One check that can be performed on the above is to check the calculated radial distances using Lerczak and Hobbs against those given in the sightings spreadsheet for sightings earlier than 2022. Here is a histogram of the distance differences:

ind3 <- sightings$dist_calc_m_ > 0
hist(sightings$D[ind3] - sightings$dist_calc_m_[ind3], xlab = "Difference in calculated radial distances (m)", main = "Difference between spreadsheet and Lerczak & Hobbs", breaks = 100)

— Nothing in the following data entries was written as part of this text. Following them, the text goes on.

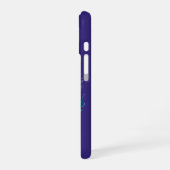 Coque iPhone 16 Planche de pièce d'échecs à l'aquarelle (Côté gauche)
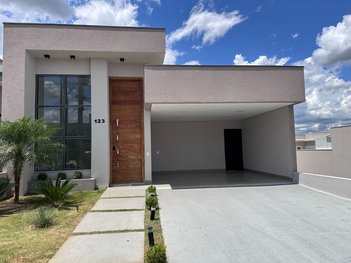 house em Alameda Ezequiel Mantoanelli, Jardim Panorama - Indaiatuba - SP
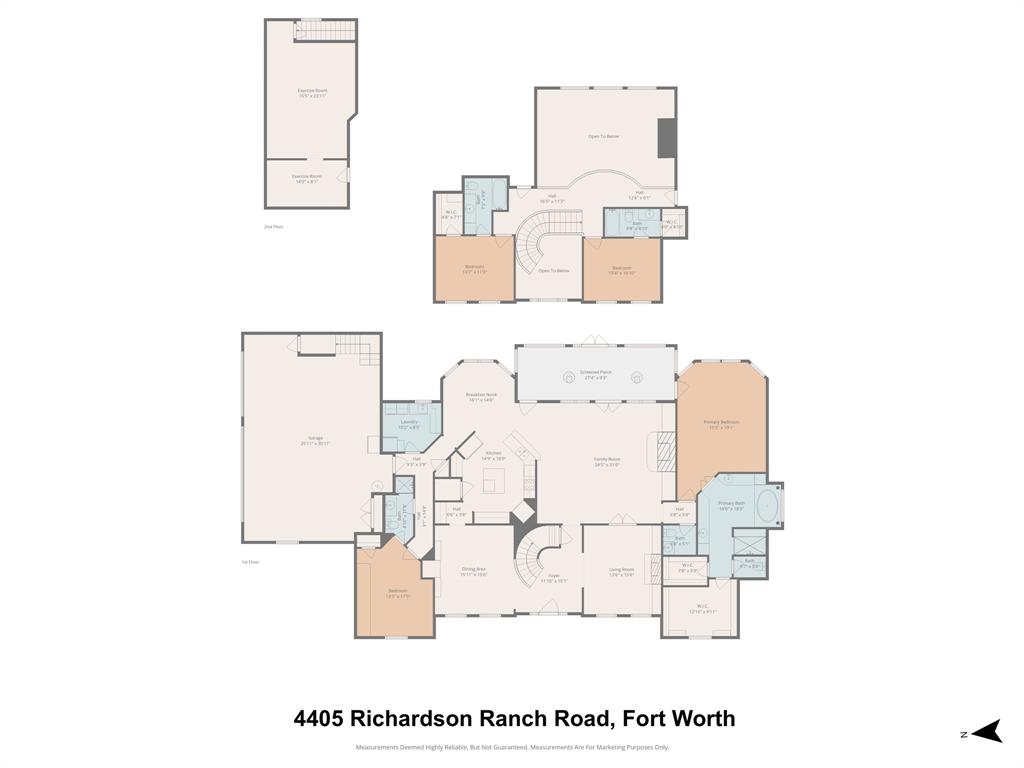 4405 Richardson Ranch Road Fort Worth, TX 76126 - Photo 39 of 40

As can be seen, in the great majority of cases the difference is very small - but there are some larger differences.

Note

Worth investigating further?

One other thing to note is that there are 443 records that don’t have a valid number in either the ShipHeadingTru or the SightingBearingTru column of the sightings spreadsheet.

Note

Worth investigating further?

We now check whether any 2022/2023 data still have missing distances:

#Calculate how many missing distances we have from 2022 onwards
ind3 <- ind & is.na(sightings$perp_dist_m2)
tmp <- sightings[ind3, ]

There are 19 of these.

Note

I checked into the causes and emailed Michaela about them on 29th Nov.

For now I will drop these records …

sightings <- sightings[!ind3, ]

… and copy over the newly calculated perp distances for 2022 onwards into the perp_dist_m field used by all the other records.

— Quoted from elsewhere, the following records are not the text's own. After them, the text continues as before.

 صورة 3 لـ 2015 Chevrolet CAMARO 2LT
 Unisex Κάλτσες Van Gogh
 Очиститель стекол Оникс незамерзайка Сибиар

#Copy the perp_dist_m2 for these records to perp_dist_m
ind <- sightings$Year >= 2022
sightings$perp_dist_m[ind] <- sightings$perp_dist_m2[ind]

3.2 Getting on-effort on-transect data

We wish to select only sightings data from when observers were on effort and the vessel was on transect. There are various potentially relevant fields here, so we should check which to use.

Note

Check with Michaela and Simone which effort fields to use.

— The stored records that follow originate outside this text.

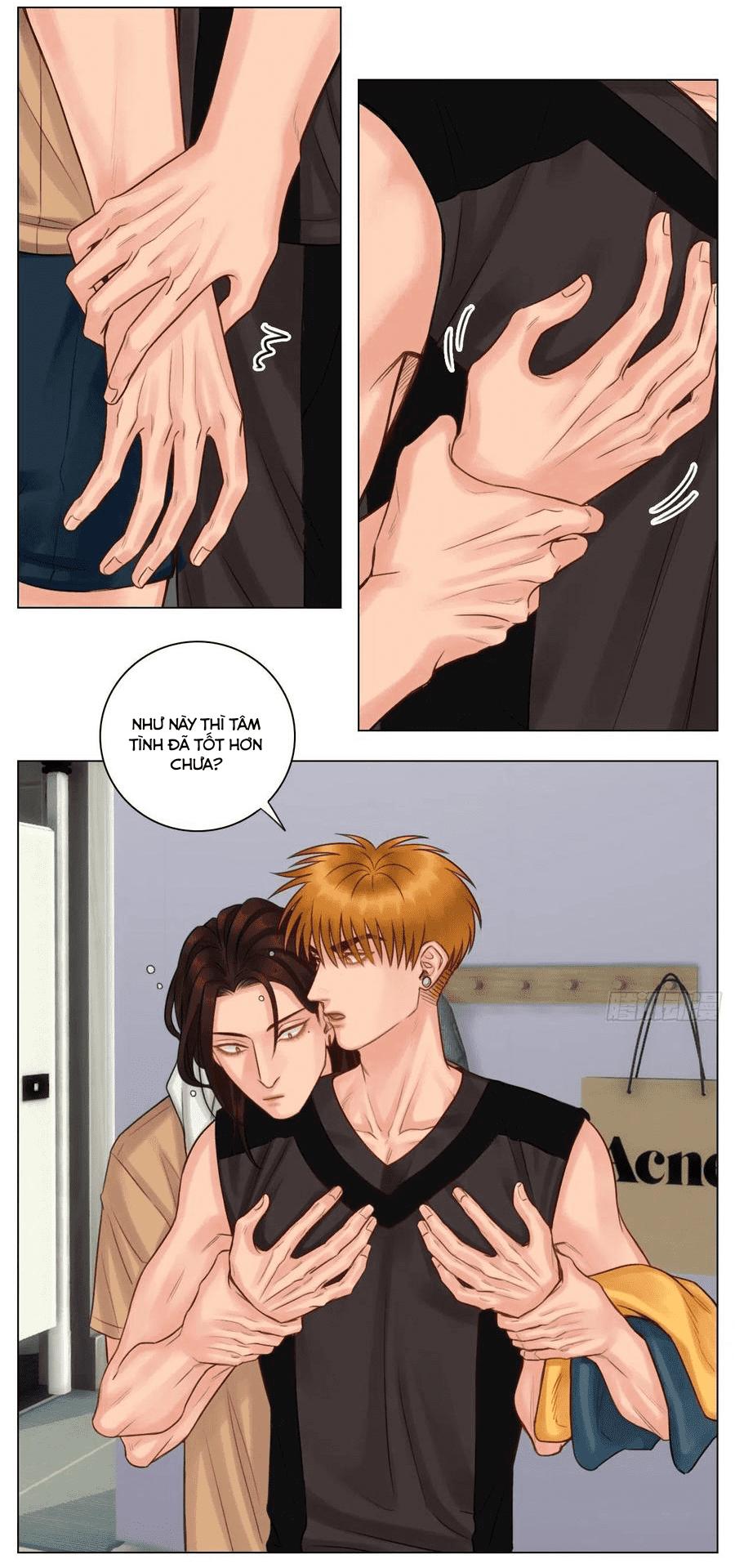 Ký Túc Xá Nam Phòng 303: Chapter 49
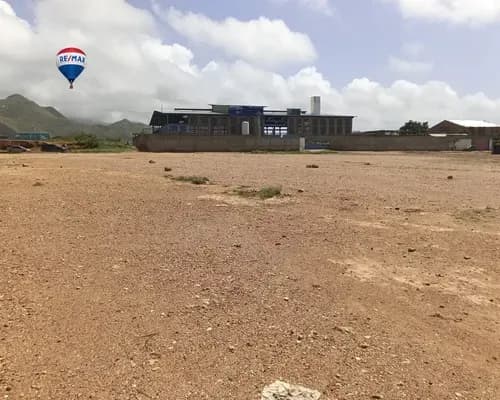 Re/max 2 Mil Vende Terreno, En Cerro Colorado, Isla De Margarita, Nueva Esparta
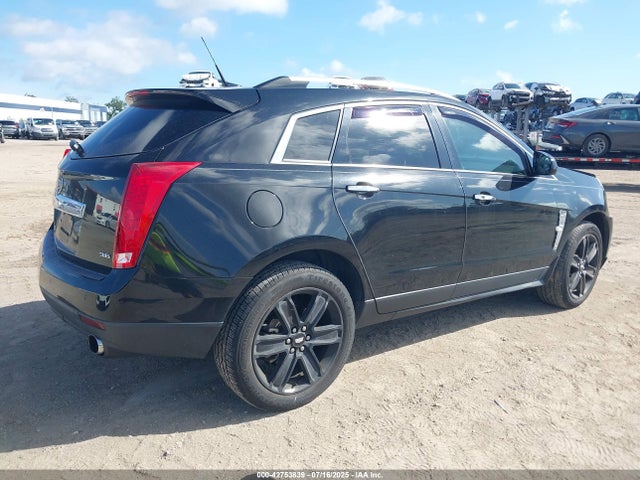2012 CADILLAC SRX 3GYFNAE32CS622515 Photo 3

Three relevant-looking fiels are AdjustedBothOnEffortAndOnTransect, OriginalEffortFlag_ON_OFF_ and OriginalTransect_ON_OFF_. However, the former has some NA records, so it seems prudent to use a combination of the latter two.

#Check for NAs
sum(is.na(sightings$AdjustedBothOnEffortAndOnTransect))

[1] 58

sum(is.na(sightings$OriginalEffortFlag_ON_OFF_))

[1] 0

sum(is.na(sightings$OriginalTransect_ON_OFF_))

[1] 0

#Turn to upper case as currently it's a mixture of both
sightings$AdjustedBothOnEffortAndOnTransect <- toupper(sightings$AdjustedBothOnEffortAndOnTransect)
sightings$OriginalEffortFlag_ON_OFF_ <- toupper(sightings$OriginalEffortFlag_ON_OFF_)
sightings$OriginalTransect_ON_OFF_ <- toupper(sightings$OriginalTransect_ON_OFF_)

#Create logical variables
sightings$AdjustedOnEffortAndOnTransect <- sightings$AdjustedBothOnEffortAndOnTransect == "ON"
sightings$OriginalOnEffort <- sightings$OriginalEffortFlag_ON_OFF_ == "ON"
sightings$OriginalOnTransect <- sightings$OriginalTransect_ON_OFF_ == "ON"

#Select data where OnEffort and OnTransect are ON
ind <- sightings$OriginalOnEffort & sightings$OriginalOnTransect

Of the 6287 sighting records, the number made when both on effort and on transect according to the above criteria are 3388. We select just these data for futher processing.

sightings <- sightings[ind, ]

Note

Check with Michaela and Simone whether this level of data “loss” is okay. We could potentially use off transect observations for fitting the detection function if the crew were on effort – but this risks compromizing pooling robustness. Need to have a conversation about this.

3.3 Getting transect numbers for each sighting

Transect numbers were not provided with the sightings, but we can obtain them if we compare the time of the sighting with the start and end times of the effort segments. The sightings spreadsheet has a column Date_Time_Local_ and the effort spreadsheet has columns StartDateTimeLocal and EndDateTimeLocal.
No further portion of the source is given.